**WORK INSTRUCTION:**
Quote the data below in full, minus the images.

------ EXERCISE DATA

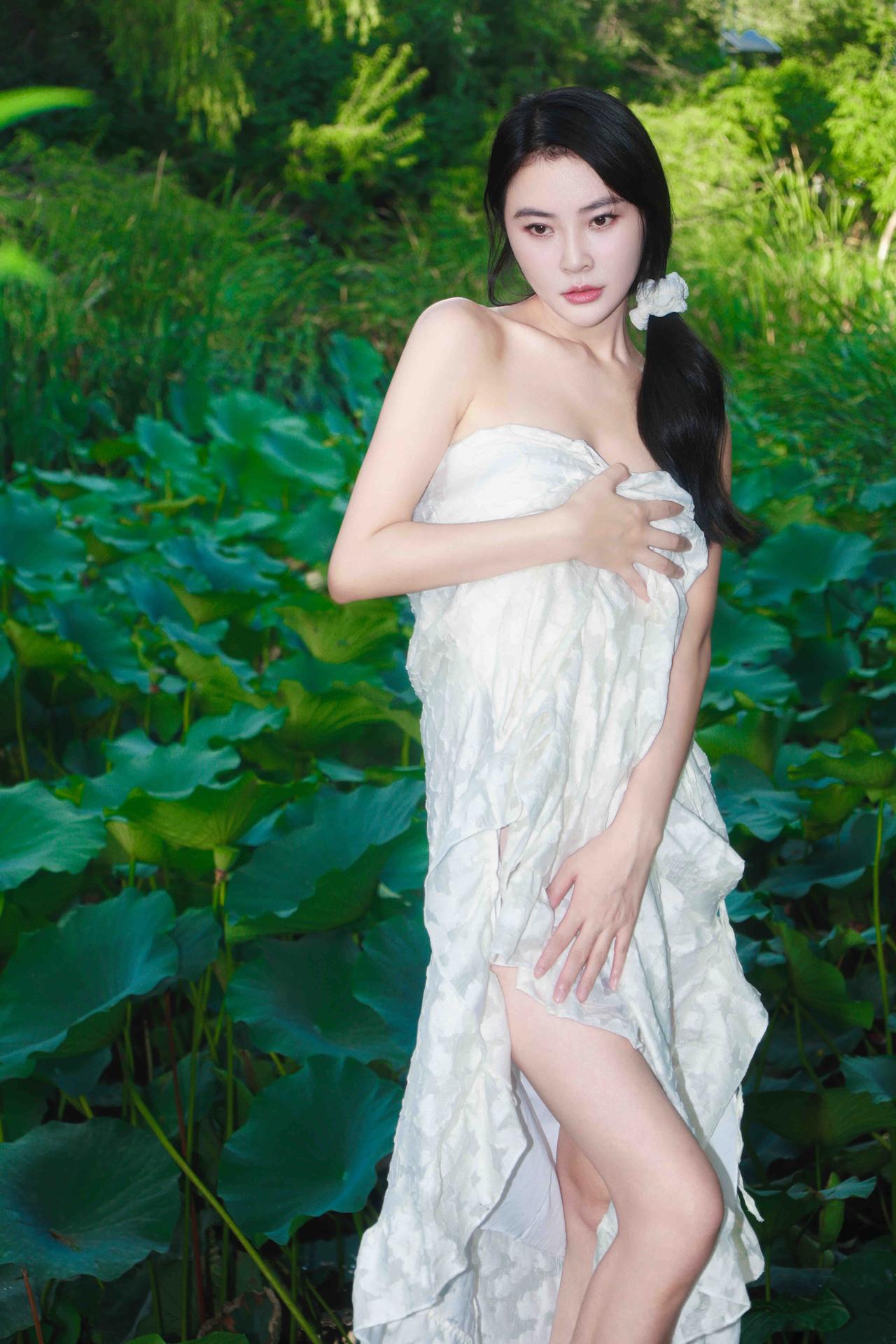 环球小姐冠军吴丹.荷花仙子🌸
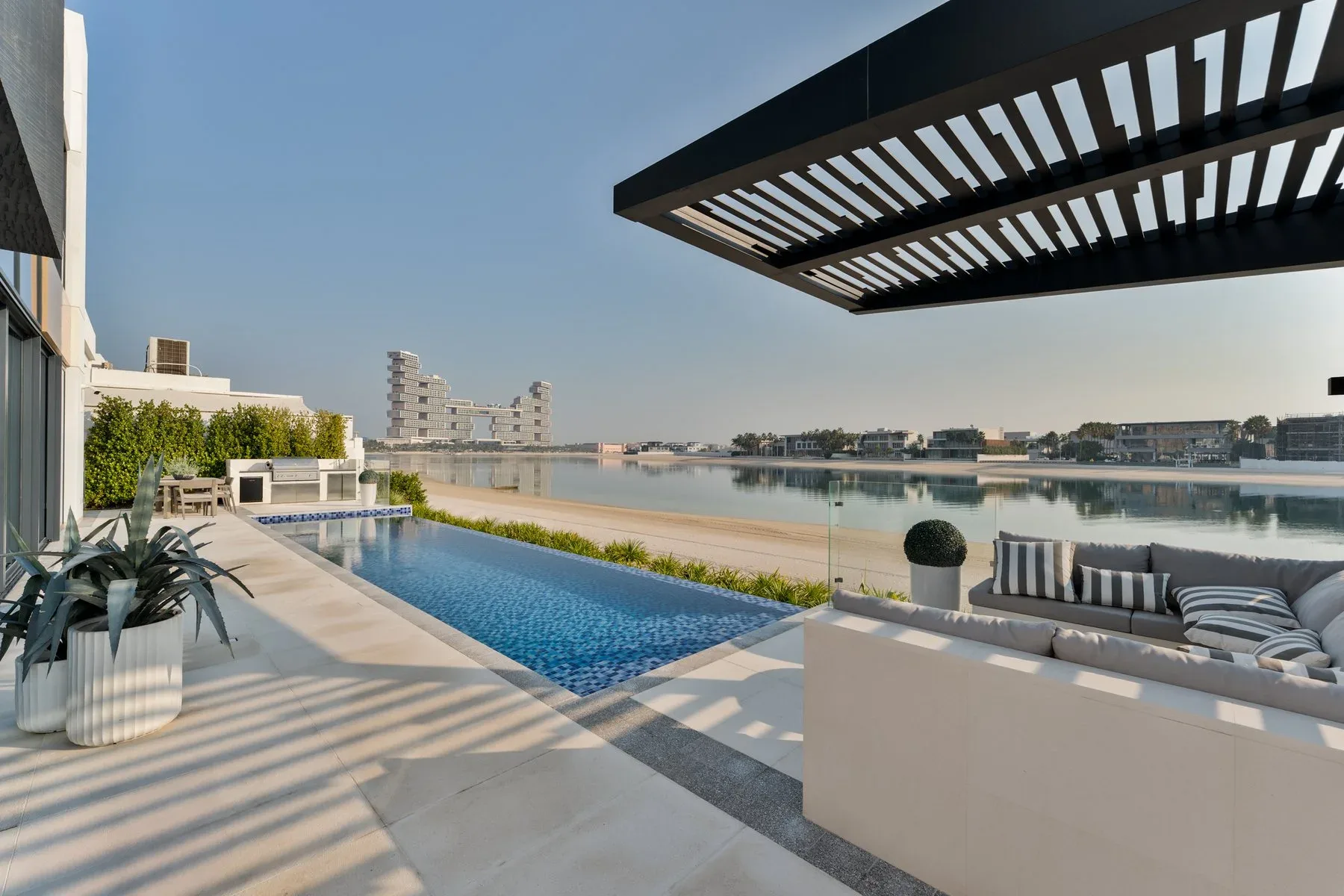 Stunning Custom-Built Modern Villa on Palm Frond — photograph 2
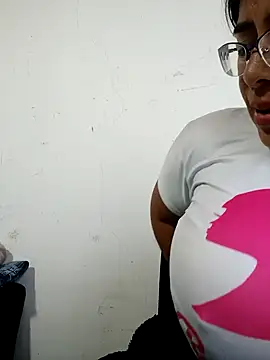 Snapshot of __valentina18 chatting on January 22, 4:12 pm   valentina18 online show from January 22, 4:12 pm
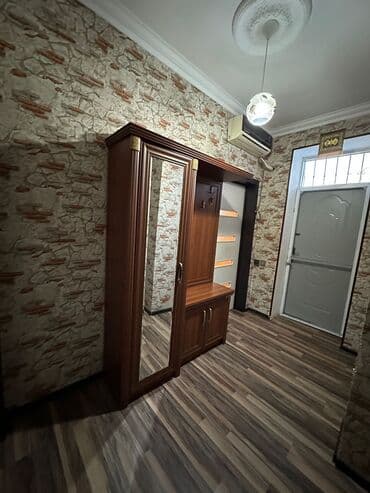 ищу сиделку для пожилой женщины: Zabrat 2 qəsəbəsi İstixana dairəsi — 8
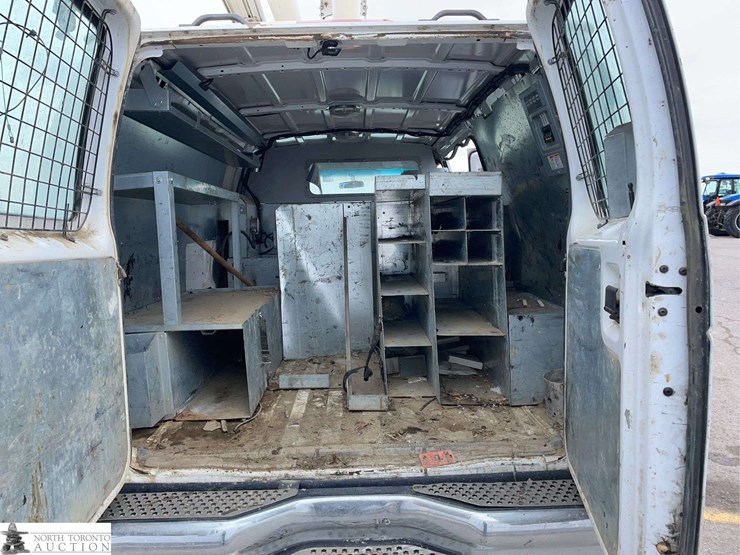 2012-ford-cargo-image-21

------------

**ANSWER SECTION:**
 环球小姐冠军吴丹.荷花仙子🌸
 Stunning Custom-Built Modern Villa on Palm Frond — photograph 2
 Snapshot of __valentina18 chatting on January 22, 4:12 pm   valentina18 online show from January 22, 4:12 pm
 ищу сиделку для пожилой женщины: Zabrat 2 qəsəbəsi İstixana dairəsi — 8
 2012-ford-cargo-image-21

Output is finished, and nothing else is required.